**Your goal**
Go through the material underneath and show every line where the string "this" occurs.

**Data extracts**
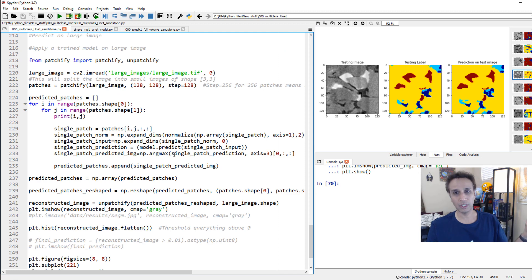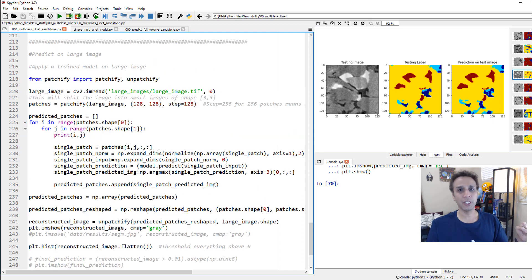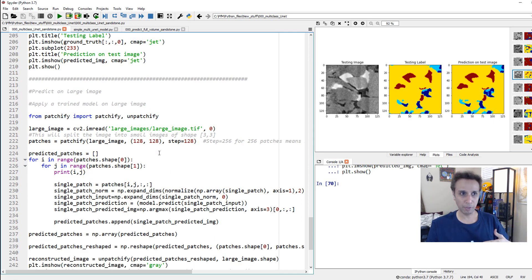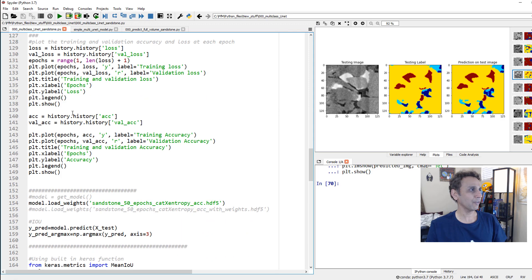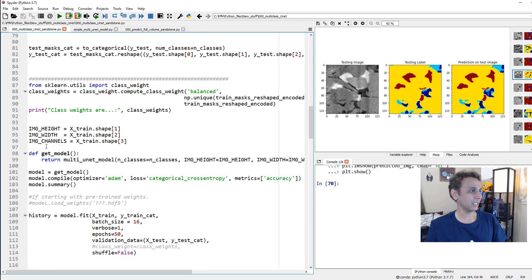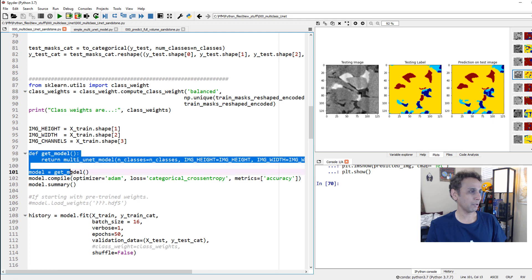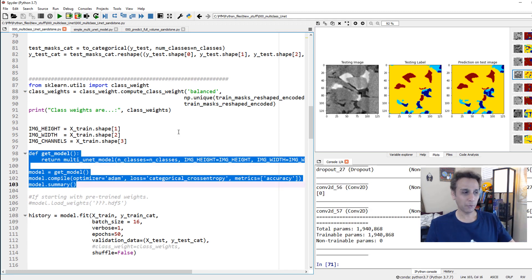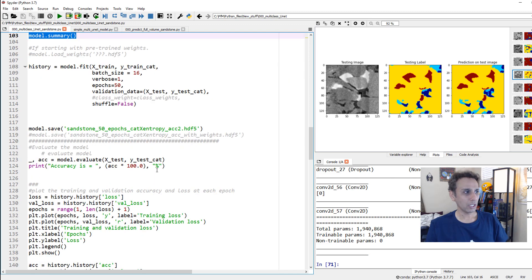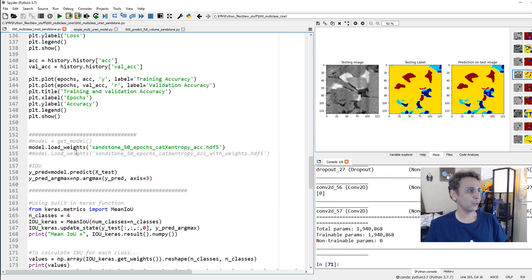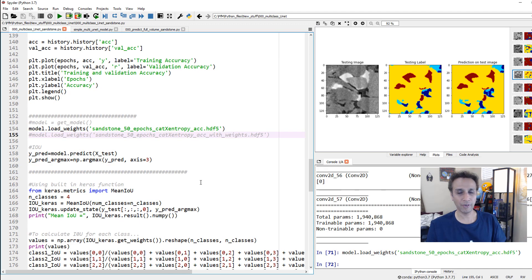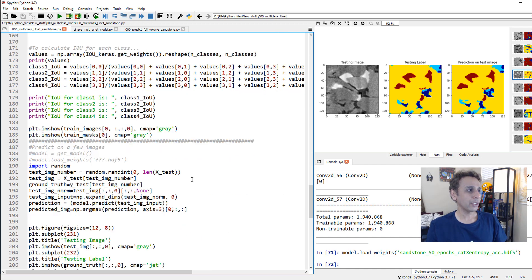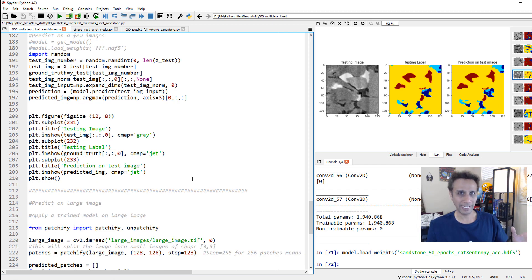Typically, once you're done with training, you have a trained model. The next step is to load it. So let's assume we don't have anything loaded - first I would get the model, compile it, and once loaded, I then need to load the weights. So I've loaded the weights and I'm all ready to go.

--

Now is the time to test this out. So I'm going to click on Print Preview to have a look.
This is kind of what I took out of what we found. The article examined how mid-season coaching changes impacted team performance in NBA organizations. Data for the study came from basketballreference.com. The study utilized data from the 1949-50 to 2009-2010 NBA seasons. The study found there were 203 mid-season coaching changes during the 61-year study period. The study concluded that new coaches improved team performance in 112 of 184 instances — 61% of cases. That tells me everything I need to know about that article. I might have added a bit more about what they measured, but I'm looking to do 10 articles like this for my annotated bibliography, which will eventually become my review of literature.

**Solution below**
Now is the time to test this out. So I'm going to click on Print Preview to have a look.
This is kind of what I took out of what we found. The article examined how mid-season coaching changes impacted team performance in NBA organizations. Data for the study came from basketballreference.com. The study utilized data from the 1949-50 to 2009-2010 NBA seasons. The study found there were 203 mid-season coaching changes during the 61-year study period. The study concluded that new coaches improved team performance in 112 of 184 instances — 61% of cases. That tells me everything I need to know about that article. I might have added a bit more about what they measured, but I'm looking to do 10 articles like this for my annotated bibliography, which will eventually become my review of literature.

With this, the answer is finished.